The Sphere Entertainment Co. executive chairman and CEO took part in a walkthrough of the experience with select press — alongside Sphere president and chief operating officer Jennifer Koester and visual effects specialist Ben Grossmann — and revealed that there is one specific A.I.-assisted change to keep an eye out for.
“I won’t tell you where, it’s only for like two seconds,” as he asked reporters if they were familiar with Warner Bros. Discovery head David Zaslav. After an affirmative, he said, “[They] replaced the faces of two very short, two-second characters in the movie with mine and David. I challenge you to find it.”
Grossmann was quick to chime in that “they were uncredited characters who were too blurry to be identified, and have now been enhanced to be identified.” (Warner Bros. owns the rights to The Wizard of Oz film).
It adds buzz to the Sphere’s already buzzing new attraction, which features an immersive adaptation of the classic film — like when that tornado hits Kansas, attendees will have wind whipping at their face, leaves flying in front of them and bolts of lightning puncturing the fog. It has also used A.I. to adapt the film to the Sphere’s massive screen, which the execs discussed heavily during the preview.
Grossmann explained, “We had a choice. We could either hire modern artists to reanimate those performances by hand, which we felt would destroy the integrity of the original performance,” or embrace “a new technology that allows you to train on things that existed before it, so that it can reproduce those things accurately.

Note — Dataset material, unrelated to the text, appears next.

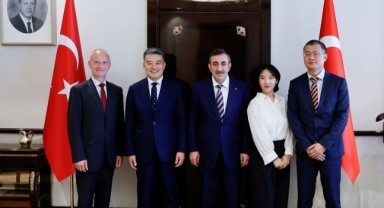 Cumhurbaşkanı Yardımcısı Cevdet Yılmaz Netaş ve ZTE heyeti ile bir araya geldi..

And then we tested it for two years to make sure that if we used A.I., we would actually have more integrity to the original performances than if we didn’t, because the only other alternatives were computer graphics that would be humans manipulating the performance.”
“We actually found that that gave us more integrity to the original because when we would complete a missing character or an elbow or something that’s off,” he continued. “It knew what Judy Garland’s eyelashes looked like on that day in that scene, when she was performing, for detail and filling all of those things that were missing.”
And for those who bristle at A.I. being used on the 1939 film, Grossmann noted that “the original work of art continues to exist” in many other places. “We’ve adapted it into a new medium, and we’ve done it with what we believe is a high degree of authenticity and integrity to the original performance,” he said. “We’ve stayed in touch with their descendants. We’ve been in contact with the I.P. holders, we’ve licensed all the material appropriately, we made sure that the A.I. models, which can be controversial, are fine tuned specifically and exclusively on the original material. So we’ve done all the things that people have been concerned about doing right and no one has done before.”
Dolan added that he doesn’t “really think that it’s a fair criticism” over the use of A.I. and wants people to see the movie before they cast judgement. Grossmann responded, “I think [with] the controversy around A.I. replacing humans through technology, we ended up employing more artists on this project than I think Hollywood has employed in previous years, just to continue this journey,” working with more than 1,000 artists throughout the process.
Dolan — who said he plans to screen the film for the next decade at Sphere venues around the world — also took the moment to admit, “We went way over the budget. What we were originally thinking, we ended up almost two times what we were originally thinking. We’re getting up pretty close to that $100 million mark — it was worth it.”